For the utility industry, structured financial products also has its own benefit. 
These industries are sensitive to weather, and structured financial products provide a 
feasible way to eliminate or decrease price fluctuation risks. Meanwhile, this strategy 
also solves liquidity problems and mitigates downside weather-related risks. RCC 
applies the similar strategy here to minimize the volatilities during the agricultural 
production. Farmers will always maintain a stable cash flow either during the harvest 
season or drought season. During the harvest season, farmers can support following 
season’s production by selling crops, and during the drought season, farmers can get 
compensated according to the loss caused by drought from insurance companies by 
purchasing RCC-embedded production in advance.  
The goal of this dynamic method is to protect farmers from the poverty trap by 
providing them a more accessible credit and capital market. Weather risks put small 
farmers into the poverty trap, and limited access to capital market makes it difficult for 
farmers to get out of the trap. Under current situation, RCC can be an effective method 
to minimize the loss caused by downside risk, which is rainfall here. A complete and 
efficient access to the credit and insurance market can benefit both small farmers and 
issuers. If products can be sold through existing channels, such as existing insurance 
companies and informal insurance groups, it can be more widespread and more easily 
learned about by potential users. Farmers can use this access to know more about the 
insurance, so that they are more willing to invest in weather-index insurance. 
Correspondingly, for insurance issuers, they can also use this reliable channel to provide 
products and other accompanying service, such as education and product usage training. 

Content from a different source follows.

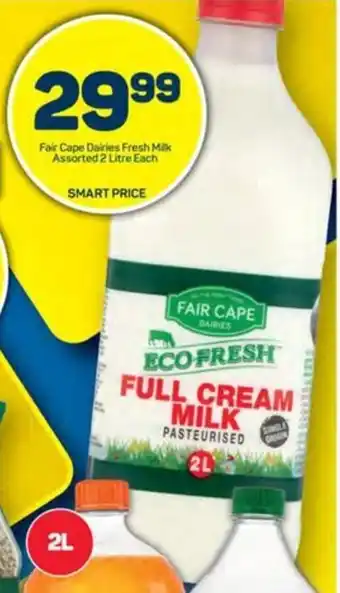 Pick n Pay Liquor Fair Cape Dairies Fresh Milk Assorted 2 Litre Each offer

For small farmers who live in remote areas, the cost of traditional claim-based insurance 
can be high. Insurance companies at this time can make better use of mobile devices to 
reduce transaction costs and increase access to the product and service. In addition, a 
successful and complete risk management system also requires the enforcement of 
related laws and regulations, which is commonly nonexistent in those countries.  
 
Chapter 3: Data source, Characteristics and Time Series Method 
3.1 Introduction 
In chapter 2, I provided an overview of the conditions which are currently being 
faced by farmers in Kenya and proposed the structure of an RCC product to be applied 
in a pilot program. The RCC trigger is based on cumulative rainfall, using the 20% 
quantile of pert distribution. 
The purpose of this chapter is to provide an alternative method to RCC using 
time series model (Robert, David, 2010). A time series is a set of data recorded in time 
order. It is discrete and equally spaced. Time series forecasting is the use of past 
observed values to predict future values. Models for time series tend to have a better 
performance in a shorter term than a longer term. Therefore, a model based on recently 
observed data will be more accurate than one based on data from long time ago. 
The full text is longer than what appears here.